After a very busy week this week, next week is looking eerily quiet. Too quiet. (Except for me. Due to shipping issues with Diamond and UPS you may have heard of, 2/3 of my order this week never showed. Some is coming next week… some still later. In case you wonder where my Oresama Techer review is…)

In fact, Midtown is so quiet I’m going to throw in some stuff not on their list. One came in via Diamond today, the other next week, and both are from Drawn & Quarterly. Yoshihiro Tatsumi’s Fallen Words is a new short story collection from the author of A Drifting Life, each story told in the oral tradition of rakugo. I got that one today, and it looks fantastic.

And next week we get a new Shigeru Mizuki title, NonNonBa, a memoir about his lifelong interest in yokai. Given we are apparently not getting Gegege no Kitaro over here anytime soon, this is the next best thing, and everyone who reads this blog should get a copy. (For those wondering, Midtown apparently gets their ‘indie publisher’ stuff from a non-Diamond source, meaning some D&Q titles take forever to get there.)

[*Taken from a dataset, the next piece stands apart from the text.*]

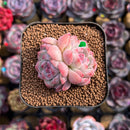 Echeveria 'Milk Smoothie' 2" Air-Magic Seed-Grown Hybrid Succulent Plant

Dark Horse has two manga ouit, one new and one a re-release. The new is the 2nd volume of Yasuhiro Nightow’s Blood Blockade Battlefront, which brings a Jump Square mentality to his traditional Western-style gunplay heroics. Let’s hope Shieisha’s editors were better than Shonen Gahosha’s at making his art more coherent, especially in fight scenes.

Speaking of incoherence, Dark Horse is also releasing the FLCL series as one big omnibus. Originally an anime, it was adapted in Kodansha’s Magazine Z, which tended to be devoted to media properties. Tokyopop released it back in the day, but this should have a fresh new translation and color pages and other cool things. I wasn’t too impressed first time round, I seem to recall, but then I found the anime overrated as well. If you liked the anime, though, this should be right up your street.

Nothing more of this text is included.